New Year's Eve traditions

A well-known but almost-extinct Capodanno tradition (in Rome at least) involves people throwing old objects out the window, symbolising their readiness to welcome in the new year.
Another Italian superstition holds that wearing red underwear when the clock strikes midnight will bring good luck for the year ahead.

Getting home

Metro services run until 02.30 on New Year's Eve (early hours of 1 Jan), substituted from 03.30 until 08.00 with nightbuses.
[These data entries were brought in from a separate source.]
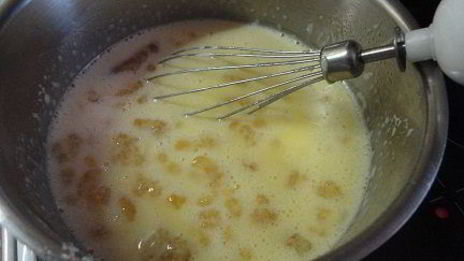 творожник с орехами и изюмом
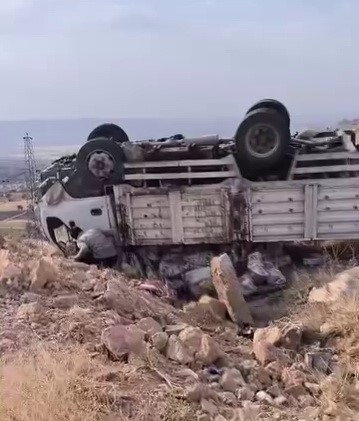 Kamyonet takla atarak ters d&ouml;nd&uuml;: 5 Yaralı
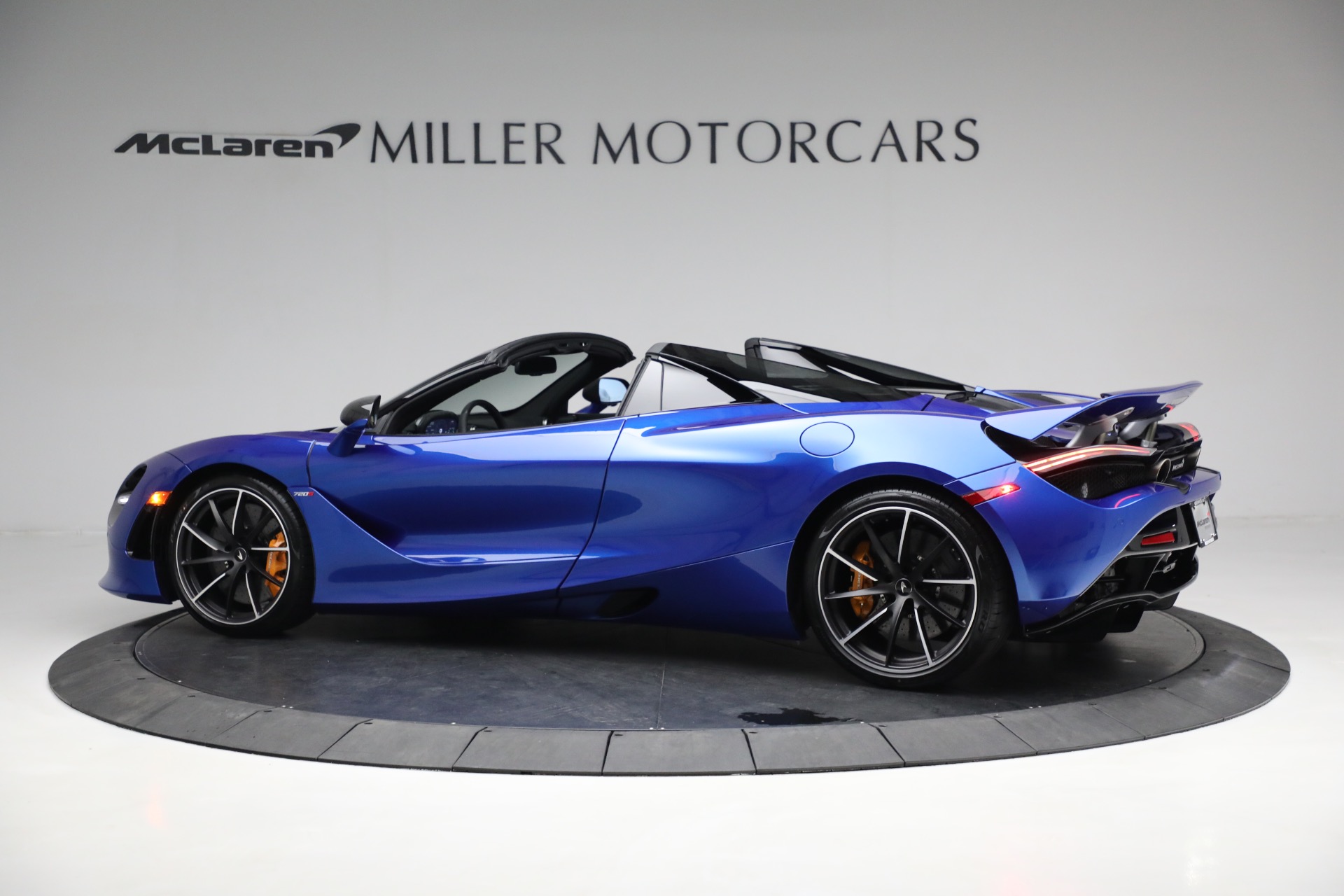 New 2023 McLaren 720S Spider Performance | St. Petersburg, FL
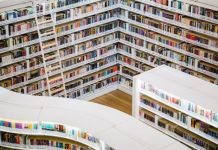 Rüyada Kitapçı Görmek Ne Anlama Gelir? Rüyada kitapçı görmek, rüyada kitapçıda uzun süre vakit geçirmek, rüyada kitapçıdan hediye almak, rüyada bir kitapçının yeni kitapları tanıttığını görmek ve rüyada kitapçının önünde durup kitaplara bakmak.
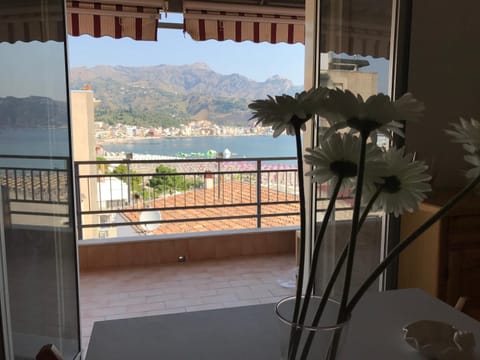 Balcony/Terrace, Mountain view, Sea view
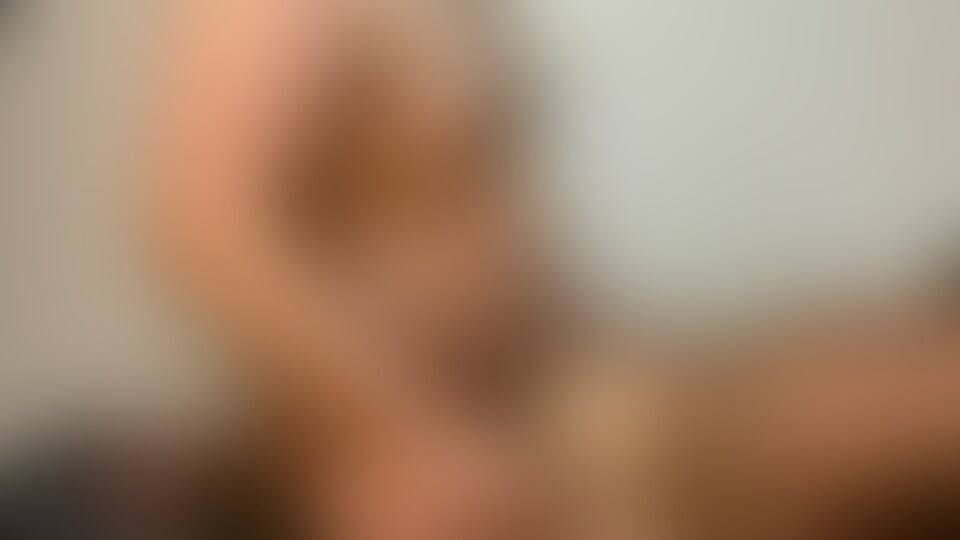 雄熊の掘削作業。 sample 1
On New Year's Day, Rome's public transport network resumes at 08.00 and follows the normal festivo timetable.

New Year's Day Parade

 

Some of America's best-known high school marching bands will stage a free, family-orientated parade in central Rome on 1 January to celebrate New Year's Day.
The annual event involves US marching bands joining forces with Italian musical folk groups to perform alongside majorettes, street performers, dancers and historical re-enactors, starting in Piazza del Popolo at 15.30.

Capodarte

Rome will mark New Year’s Day with Capodarte, a programme of more than 80 free cultural events taking place across the city.

Plunge into the Tiber?

One of the city’s most unusual spectacles on New Year’s Day is the Tuffo nel Tevere.At midday daredevil divers thrill the crowds by making the 17-metre plunge off Ponte Cavour into the icy waters of the Tiber below.